◆ **RECORDED DATA**:
----

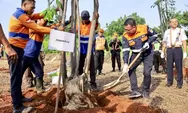 KAI Daop 1 Hijaukan Jakarta dengan Menanam Ratusan Pohon Buah dan Puley dalam Program Tanam Sejuta Pohon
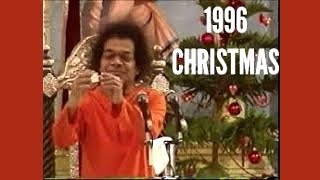 1996 Sri Sathya Sai Baba CHRISTMAS Discourse Bibletype materialization PART 1 [upl. by Gabbert]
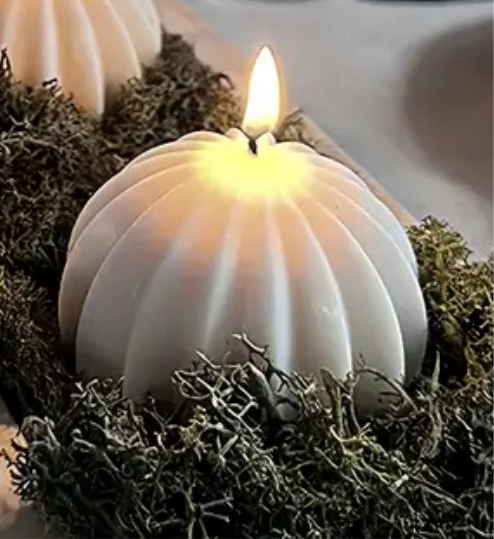 Sfera Candle - Candela Sferica Artigianale Cera Vegetale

----

Without the pictures, write out the whole listing above exactly as it appears.

◆ **WORKED SOLUTION**:
 KAI Daop 1 Hijaukan Jakarta dengan Menanam Ratusan Pohon Buah dan Puley dalam Program Tanam Sejuta Pohon
 1996 Sri Sathya Sai Baba CHRISTMAS Discourse Bibletype materialization PART 1 [upl. by Gabbert]
 Sfera Candle - Candela Sferica Artigianale Cera Vegetale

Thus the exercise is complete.